Successful Alternatives in New York, Washington, and Europe

Proponents of the trolley, including most electrical engineers, insisted that the trolley was the only practical system. Yet, two cities in America and many others in Europe, succeeded in electrifying transit lines without using overhead wires in central urban districts. These cities used the underground conduit system, in combination with the trolley for suburban routes.
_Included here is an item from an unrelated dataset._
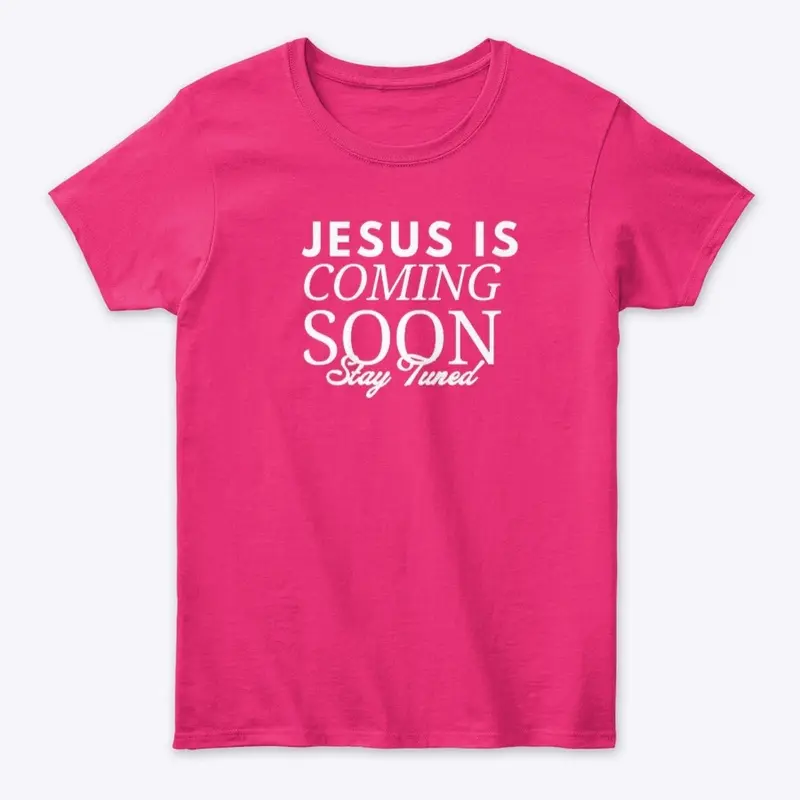 Jesus Is Coming Soon, Stay Tuned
In New York there was already a history for ten years opposition to overhead wires of telegraph, telephone, lighting and alarm companies. It had just achieved some success in placing them underground. There was intense opposition to overhead wires in Manhattan. It was banned in all of Manhattan in 1894. This happened in Washington also because many congressmen took seriously Washington’s role as a capital city, and overhead wires had no place in their aesthetic vision. In both the cities cable railways continued to operate despite high fixed cost and frequent service interruptions due to a problem with the cables. Both cities stuck to their conduits until they replaced their streetcars with buses after World War II, along with other American cities.

  • Whereas in Europe it was the conduit system that was in greater use. In the late 1890s European cities were much less compliant to the wishes of private corporations than American cities. The choice of technology emerged through struggles in the public sphere.